Second, it was never about protecting user data. It was about preventing China from tweaking the algorithm to try to subtly influence public political opinion, instead of maximizing generic rage and political polarization, to exploit for ad dollars.
Yet nobody cares about US companies like Twitter, Facebook, and YouTube manipulating public opinion with their algorithms.
Yes we do
This isnt the point.
An adverserial nation shouldnt be able to influence public opinion like that.
We all understand that those companies do nefarious things. Imo its quite a bit different when its a whole ass country purposefully manipulating public opinion and they dont like the united states.
I get it, i don’t want to live in China but i don’t want to live in whatever Elon Musk has planned for the US, either, and his wealth gives him undue influence over… pretty much everything. You’re not convincing me you’ve got a consistent take here if you’re cool with Twitter but not TikTok.
Plenty of people care, just not enough
Nobody cares because they are US companies.
Seems bizarre that people are okay with public opinion being explicitly manipulated by a very small group of people with very little overlapping interest with the public, but not okay with public opinion being explicitly manipulated by a very small group of people with very little overlapping interest with the public from a foreign country.
Not really.

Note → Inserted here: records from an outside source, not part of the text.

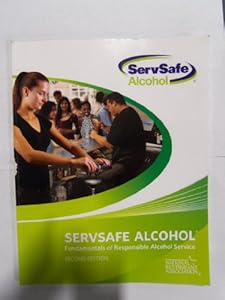 Servsafe Alcohol Fundamentals of Responsible Alcohol Service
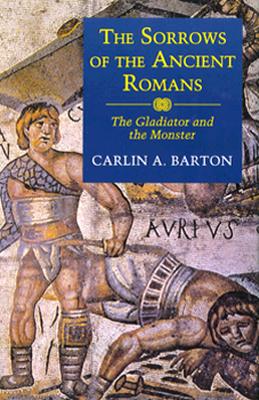 THE SORROWS OF THE ANCIENT ROMANS The Gladiator and the Monster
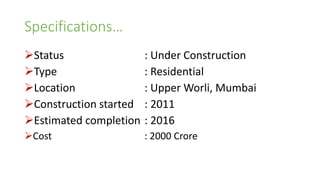 Specifications…
Status : Under Construction
Type : Residential
Location : Upper Worli, Mumbai
Construction started : 2011
Estimated completion : 2016
Cost : 2000 Crore
 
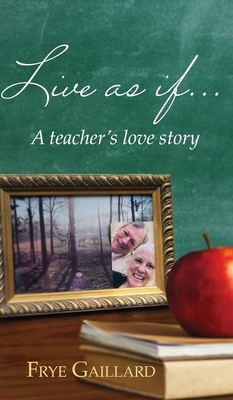 Live As If: A teacher's love story by Frye Gaillard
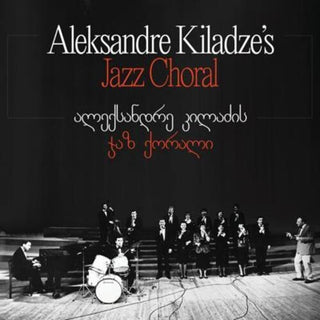 Aleksandre Kiladze- Aleksandre Kiladze's Jazz Choral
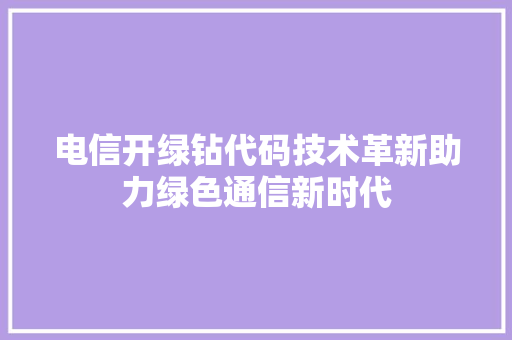 电信开绿钻代码技术革新助力绿色通信新时代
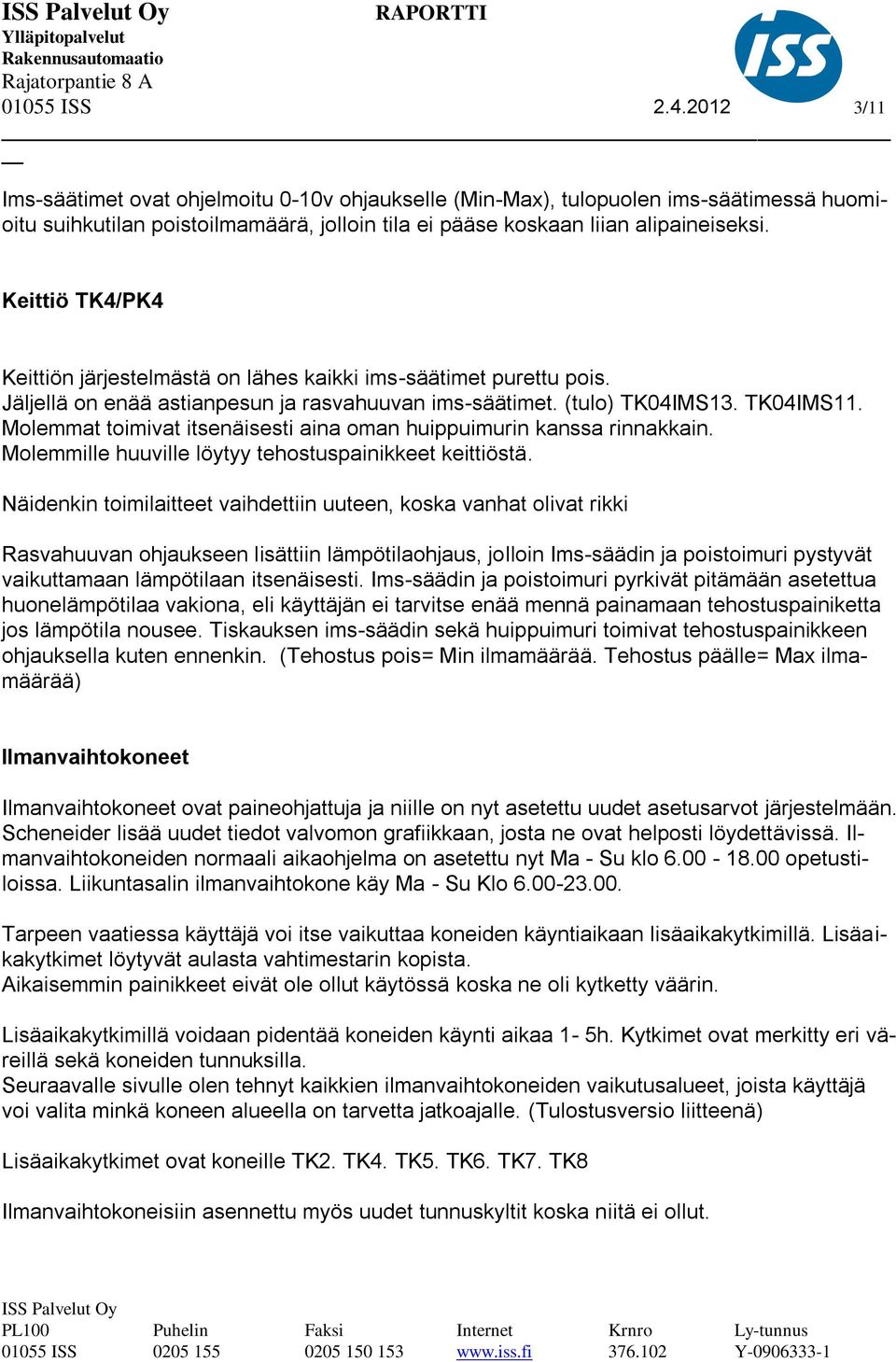 Molemmat toimivat itsenäisesti aina oman huippuimurin kanssa rinnakkain. Molemmille huuville löytyy tehostuspainikkeet keittiöstä.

One can be dealt with if needs be, since they’re US companies. The other can’t because it’s the Chinese government.
You’re exactly right on both counts. When you hear it from politicians, the sound bite (byte?) is “to protect the children” which is ambiguous. I take it to mean to protect the data of my children, somebody else takes it to mean to protect my children from being brainwashed and the children running the social media companies take it to mean it’s protecting their right to wealth. It’s win win win!
If the US govn’t were serious about protecting people, they’d implement GDPR and put data privacy into the hands of the individual.